TASK REQUIREMENTS: Repeat the listing that follows exactly. Pictures are not part of the copy.

[[ EXERCISE MATERIAL open ]]

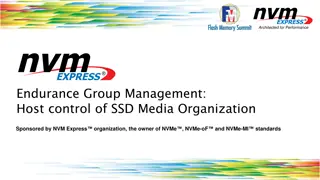 NVMe Endurance Group Management: Enhancing SSD Performance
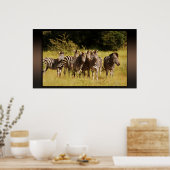 Precies bij U - zebras safari in het wild Poster (Keuken)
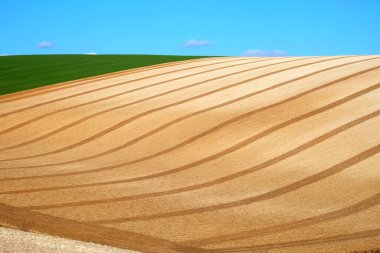 Mavi gökyüzü ve Sussex Downs, Sussex, İngiltere, İngiltere 'de yuvarlanan tarım arazisinin beyaz kabarık bulutları ile pullu bir tarlanın kıvrımlı çizgileri ve grafiksel şekilleri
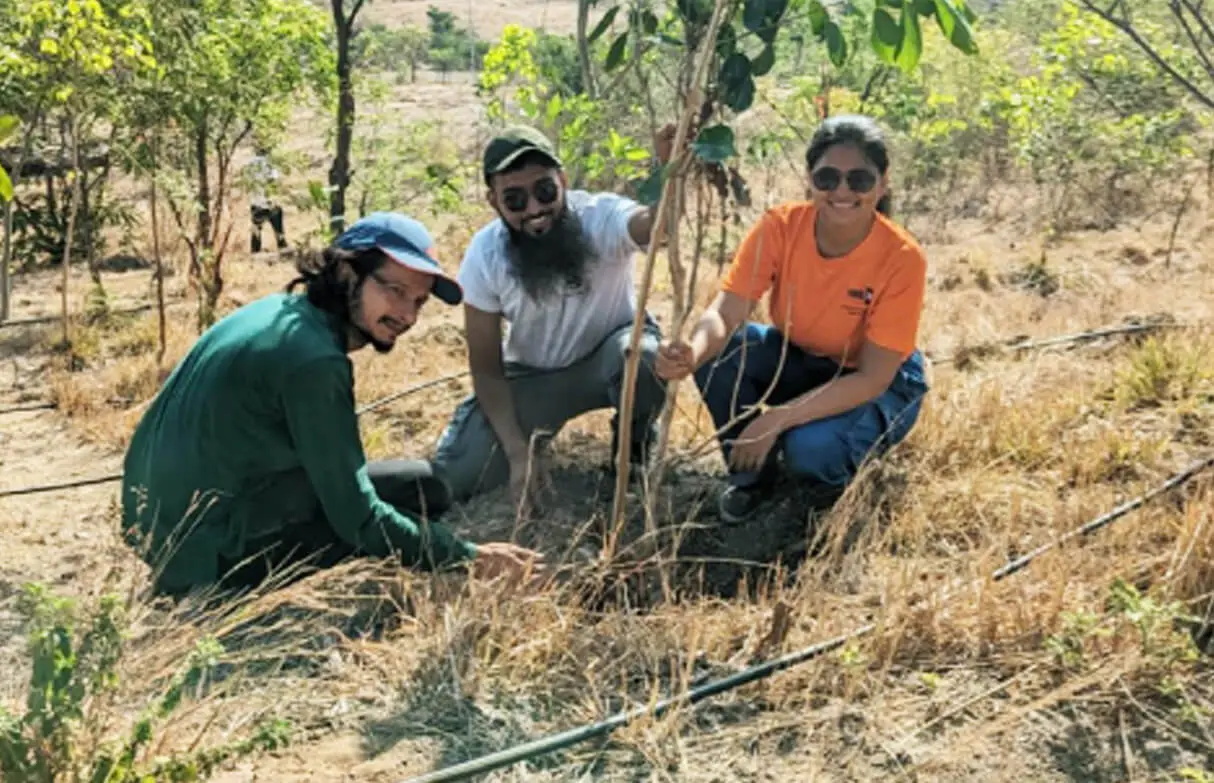 gratitude tree plantation in pune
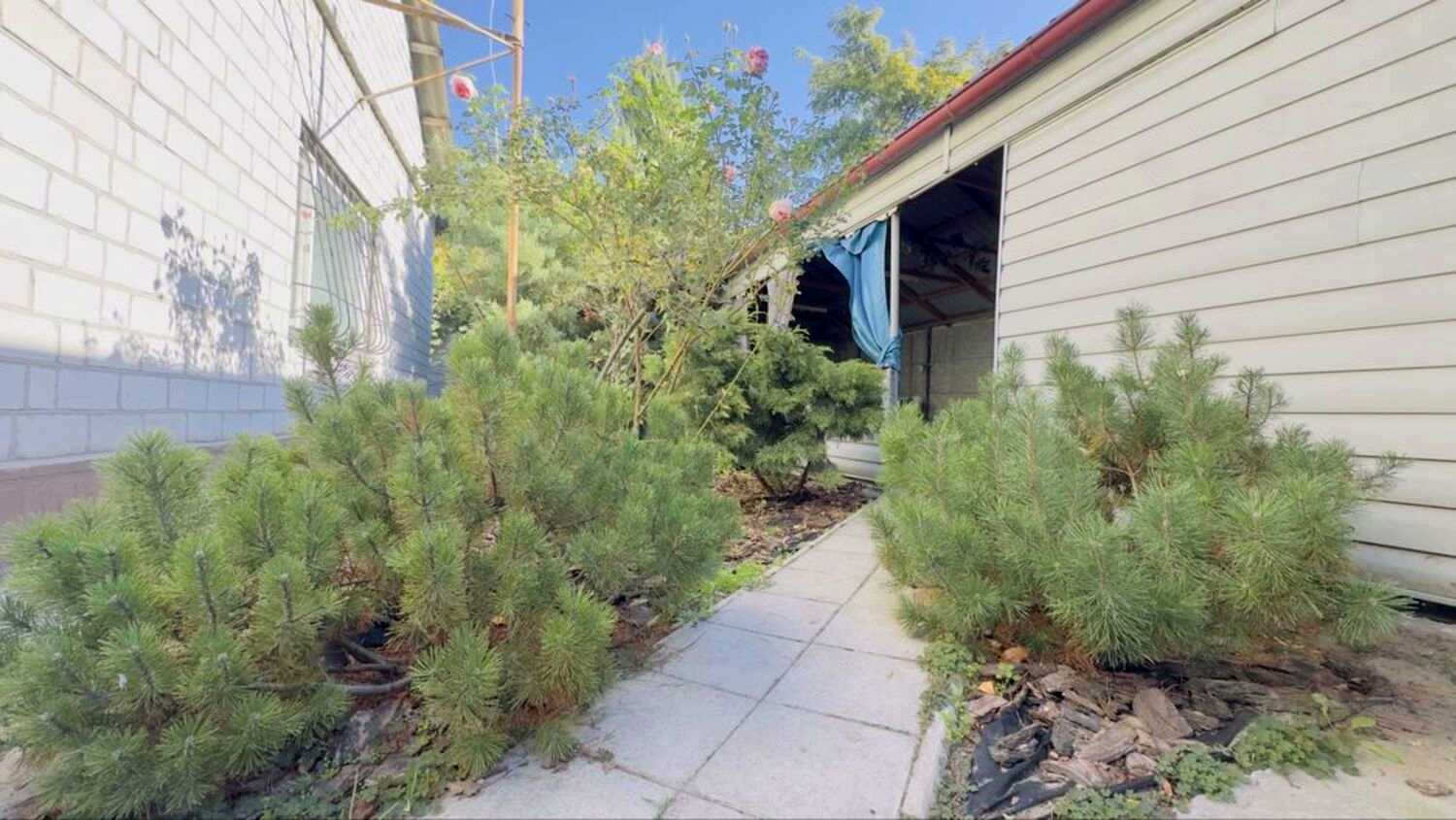 1878519381910571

[[ EXERCISE MATERIAL closed ]]

THE COMPLETED TASK:
 NVMe Endurance Group Management: Enhancing SSD Performance
 Precies bij U - zebras safari in het wild Poster (Keuken)
 Mavi gökyüzü ve Sussex Downs, Sussex, İngiltere, İngiltere 'de yuvarlanan tarım arazisinin beyaz kabarık bulutları ile pullu bir tarlanın kıvrımlı çizgileri ve grafiksel şekilleri
 gratitude tree plantation in pune
 1878519381910571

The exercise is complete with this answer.